Election security pioneer Harri Hursti was at the South Dakota event and said he and other researchers in attendance were provided three separate copies of election management systems that run on the Dominion software. The data indicated they were from Antrim and Mesa counties. While it is not clear how the copies came to be released at the event, they were posted online and made available for public download. The release gives hackers a "practice environment" to probe for vulnerabilities they could exploit and a road map to avoid defenses, Hursti said. All the hackers would need is physical access to the systems because they are not supposed to be connected to the internet.
U.S. election technology is dominated by just three vendors comprising 90% of the market, meaning election officials cannot easily swap out their existing technology. Release of the software copies essentially provides a blueprint for those trying to interfere with how elections are run. They could sabotage the system, alter the ballot design, or even try to change results.
The effort by Republicans to examine voting equipment began soon after the November presidential election as Trump challenged the results and blamed his loss on widespread fraud, even though there has been no evidence of it. Judges appointed by both Democrats and Republicans, election officials of both parties, and Trump's own attorney general have dismissed the claims. A coalition of federal and state election officials called the 2020 election the "most secure" in U.S. history, and post-election audits across the country found no significant anomalies.

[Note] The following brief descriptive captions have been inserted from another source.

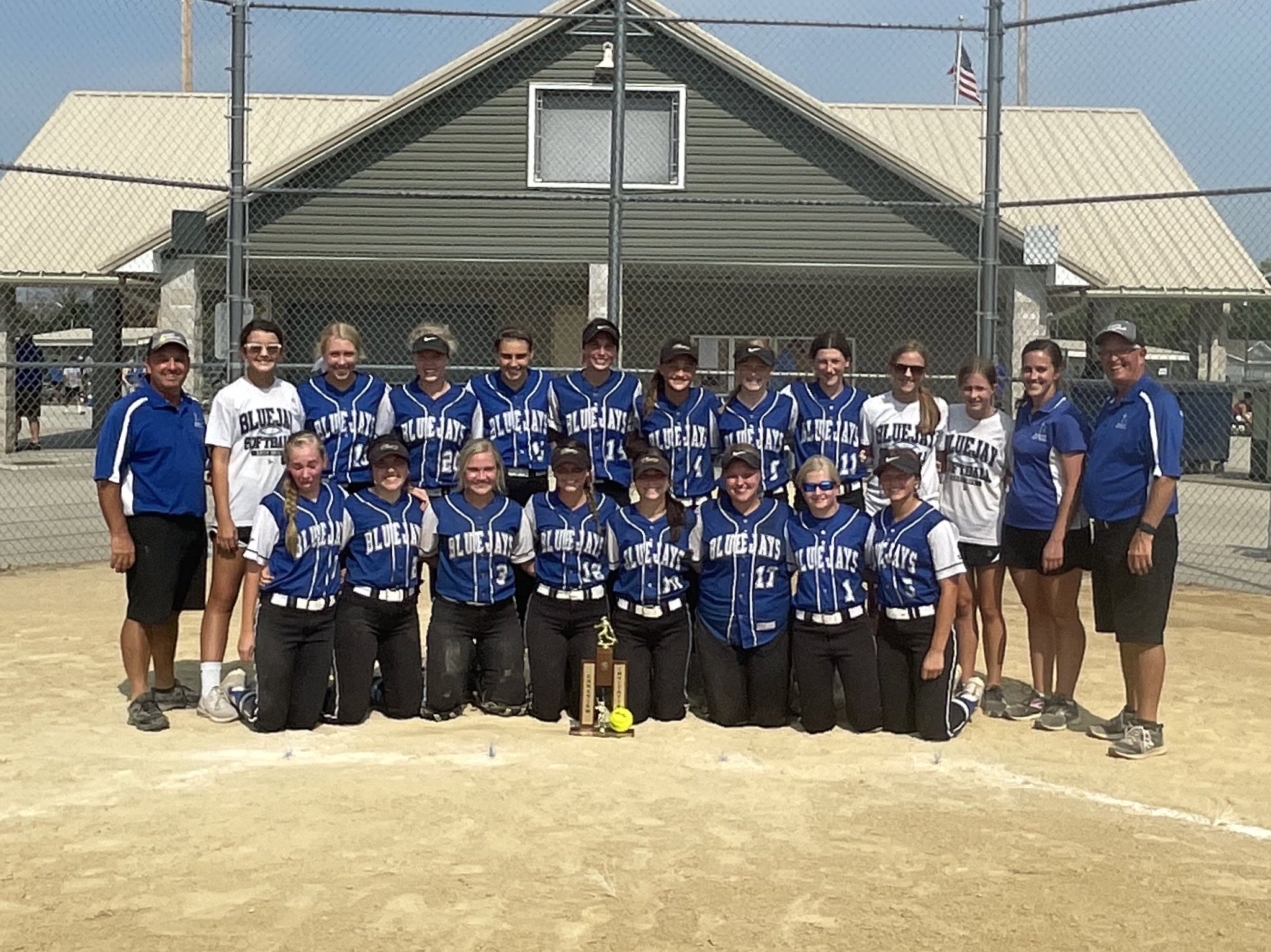 GACC Bluejays Softball on Twitter "The Bluejays capped off their
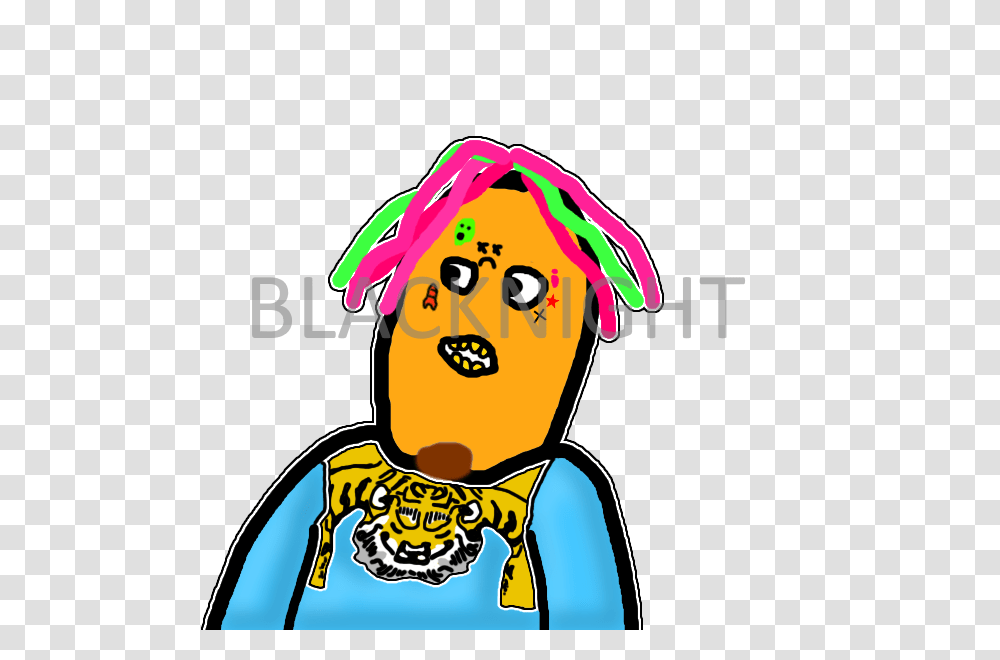 Lil Pump The Face Tattoos Is Not The Same As In The Song Gucci, Label, Food, Plant Transparent Png
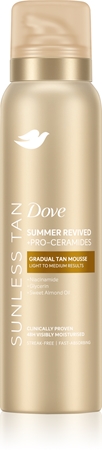 Dove Sunless Tan pjena za samotamnjenje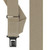 Perry Side Clip Suspenders in Tan - Front View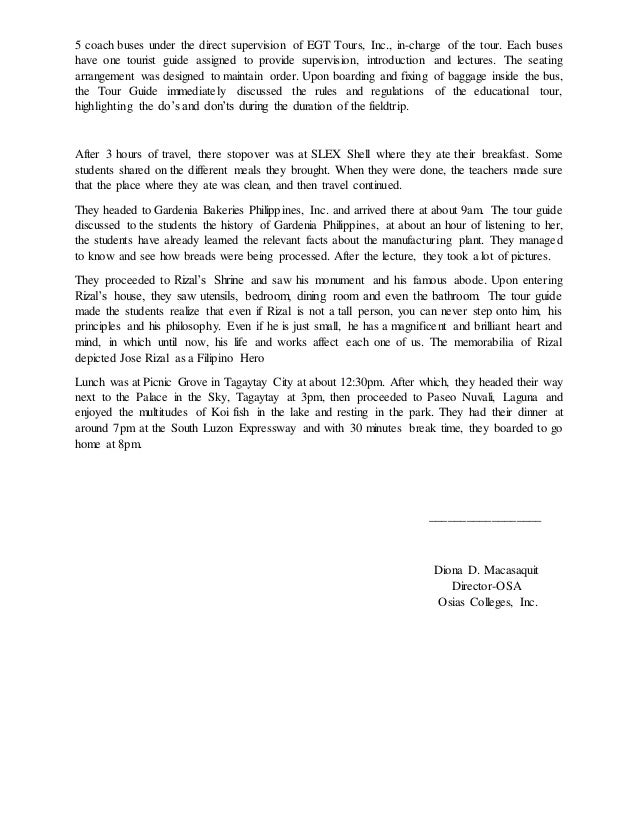 College narrative essay examples image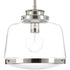Progress Judson P500061 020 1 75 Watt MED PENDANT in Antique Bronze Finish Model: P500061-020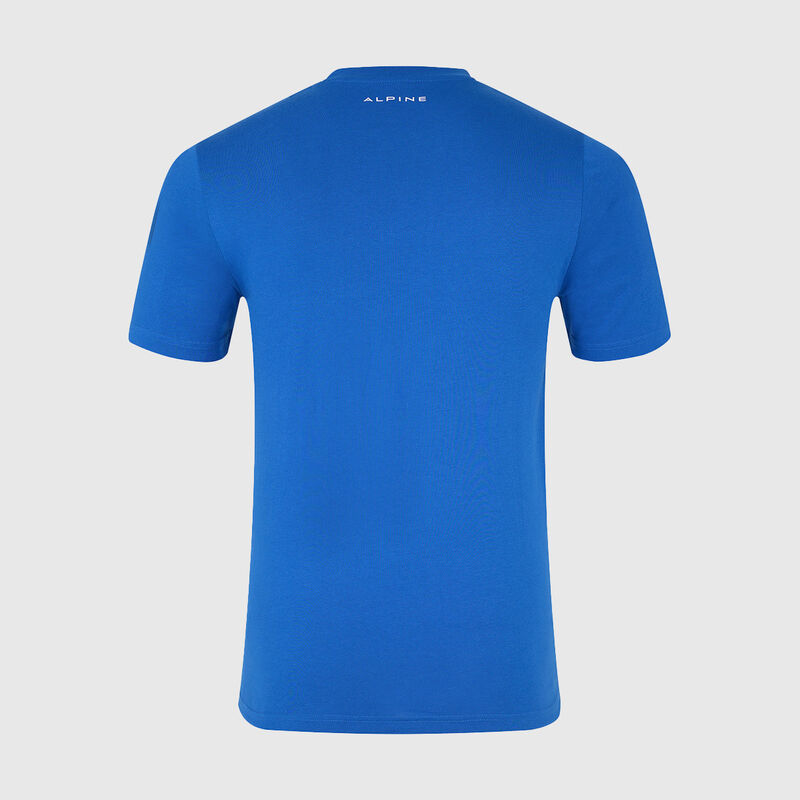 ALPINE FW UNISEX ESSENTIAL TEE - blue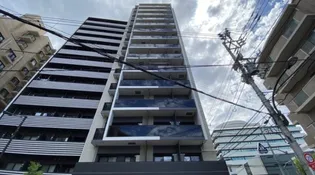 東京都新宿区下宮比町【マンション】の外観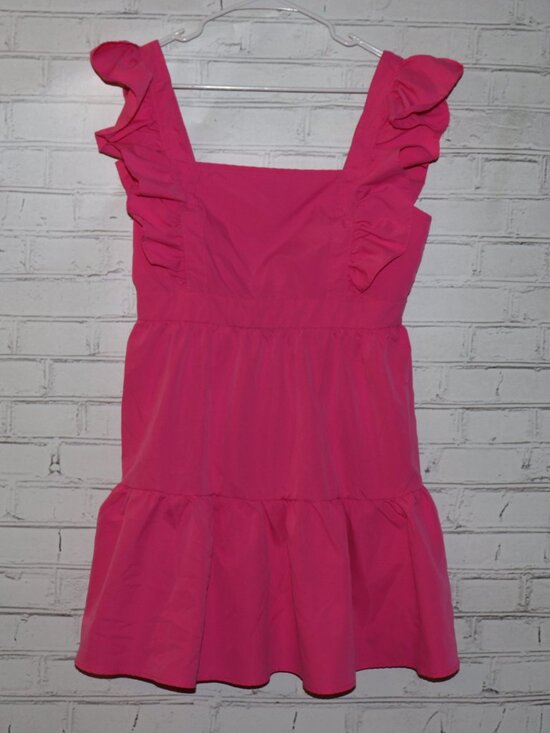 Dresses & Skirts - 💗 SHEIN Ruffle‑Strap Pink Dress · Women’s L
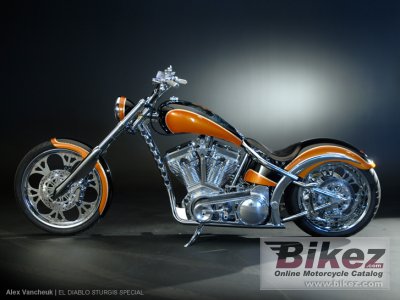 West Coast Choppers El Diablo Sturgis Special 2010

In Antrim County, a judge had allowed a forensic exam of voting equipment after a brief mix-up of election results led to a suit alleging fraud. It was dismissed in May. Hursti said the date on the software release matches the date of the forensic exam. Calls seeking information from Antrim County's clerk and the local prosecutor's office were not immediately returned; a call to the judge's office was referred to the county clerk. The Michigan secretary of state's office declined comment.

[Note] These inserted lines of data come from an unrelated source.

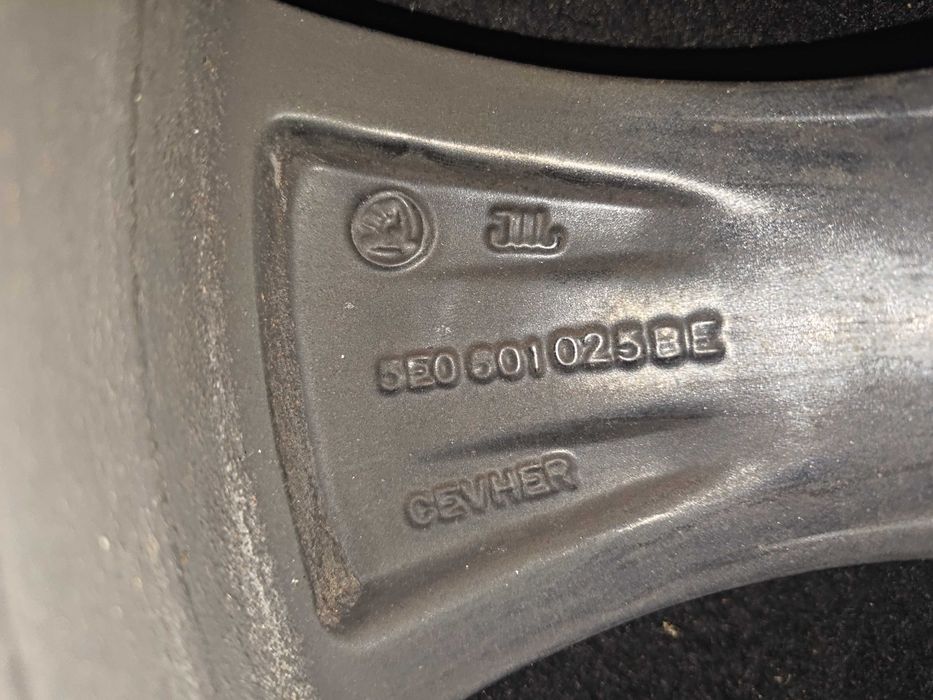Koła aluminiowe Skoda OE AUDI VW SEAT 5x112 ET 46
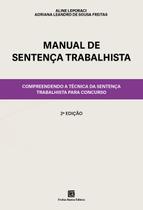 Livro - Manual de Sentença Trabalhista Livro - Manual de Sentença Trabalhista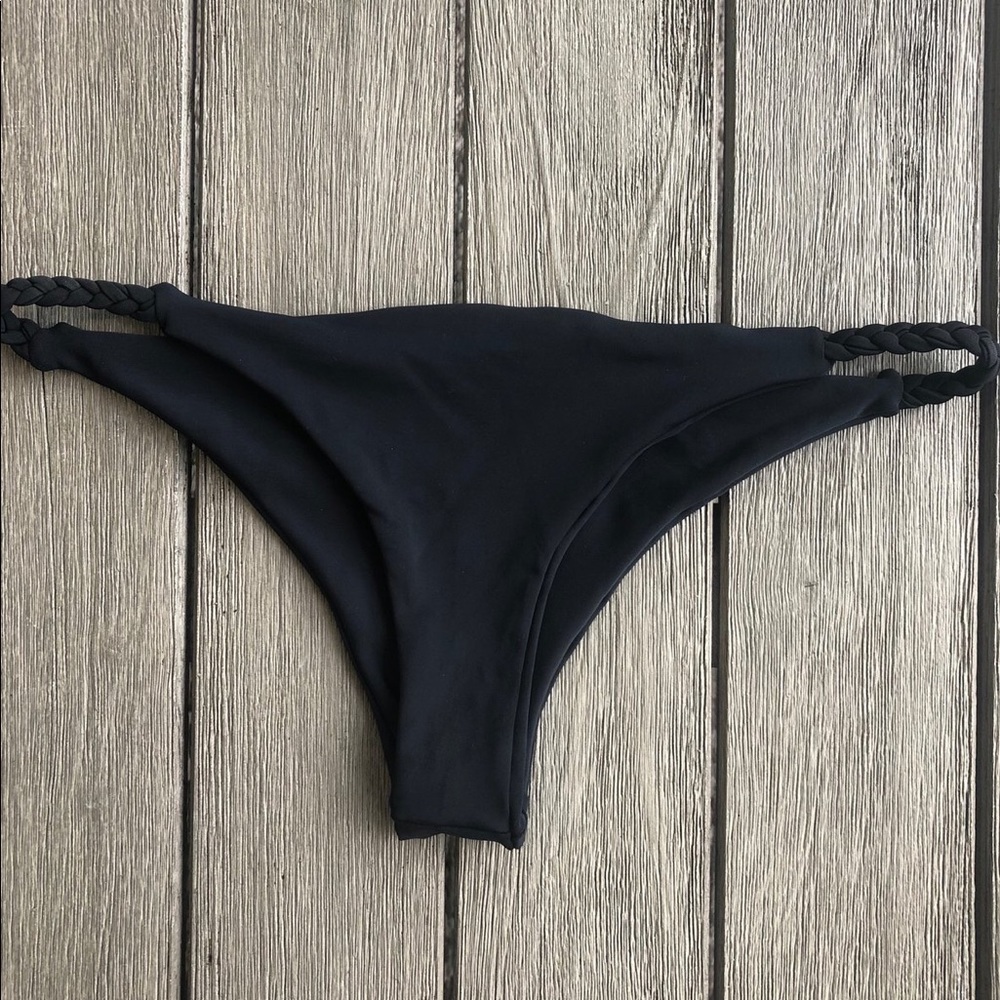 Braided Black Bottoms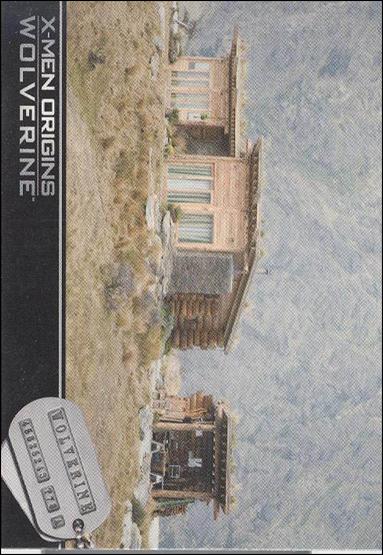 X-Men Origins: Wolverine (Base Set) card 11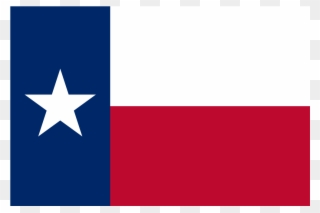 Download Svg Download Png - Red And White Flag With Star Clipart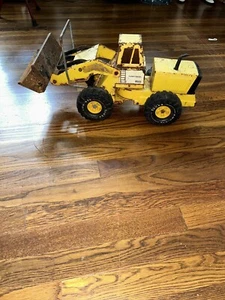 Large Vintage Antique Tonka Front End Loader. Works. Parts/Repair - Picture 1 of 17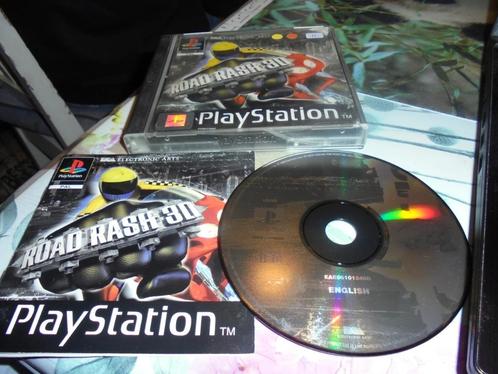 Playstation 1 Road Rash 3D (orig-compleet), Consoles de jeu & Jeux vidéo, Jeux | Sony PlayStation 1, Utilisé, Course et Pilotage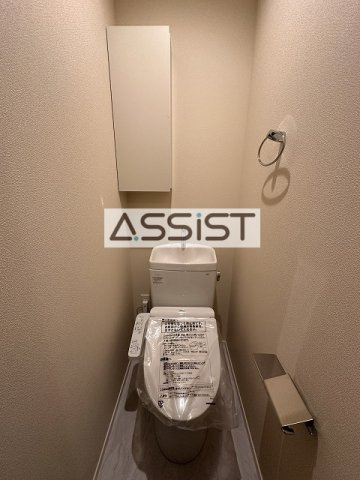 クレールノア洗足のトイレ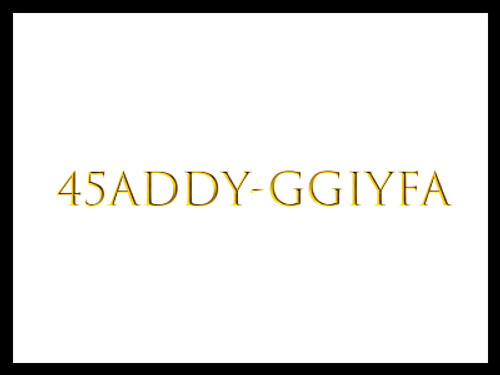 45ADDY-GGiYFa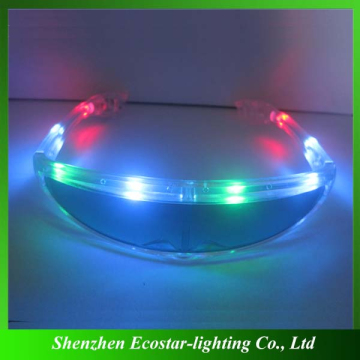 Novelty LED Light Up Glasses for Party Decoration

In Colorado, federal, state, and local authorities are investigating whether Mesa County elections staff might have provided unauthorized individuals access to their systems. The county elections clerk, Tina Peters, appeared onstage with Lindell in South Dakota and told the crowd her office was being targeted by Democrats in the state.

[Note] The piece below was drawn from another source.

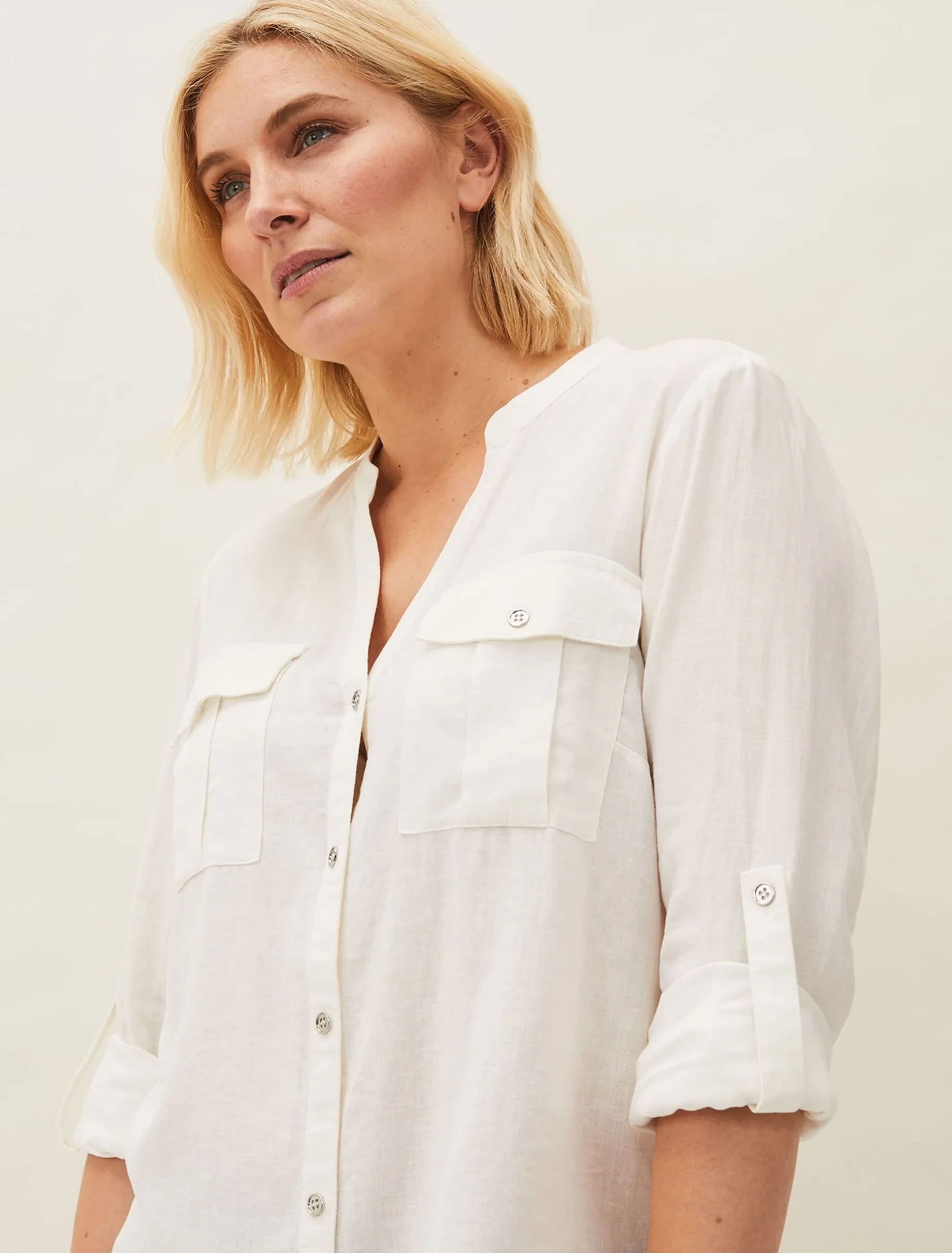 Valdita Linen Shirt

Geoff Hale, who leads the election security effort at the U.S. Cybersecurity and Infrastructure Security Agency, said his agency has always operated on the assumption that system vulnerabilities are known by malicious actors. Election officials are focused instead on ways they can reduce risk, such as using ballots with a paper record that can be verified by the voter and rigorous post-election audits, Hale said. He said having Dominion's software exposed publicly doesn't change the agency's guidance. Security researcher Jack Cable said he assumes U.S. adversaries already had access to the software. He said he is more concerned the release would fan distrust among the growing number of people not inclined to believe in the security of U.S elections.
Concerns over access to voting machines and software first surfaced this year in Arizona, where the Republican-controlled state Senate hired Cyber Ninjas, a firm with no previous election experience, to audit the Maricopa County election. The firm's chief executive also had tweeted support of conspiracy theories surrounding last year's election. After the county's Dominion voting systems were turned over to the firm, Arizona's top election official said they could not be used again. The GOP-controlled Maricopa County Board of Supervisors voted in July to replace them.
Dominion has filed suits contesting various unfounded claims about its systems. In May, it called giving Cyber Ninjas access to its code "reckless," given the firm's bias, and said it would cause "irreparable damage" to election security. Election technology and security expert Ryan Macias, in Arizona earlier this year to observe that review, was alarmed by a lack of cybersecurity protocols. There was no information about who was given access, whether those people had passed background checks or were asked to sign nondisclosure agreements. Cyber Ninjas did not respond to an email with questions about the review and their security protocols.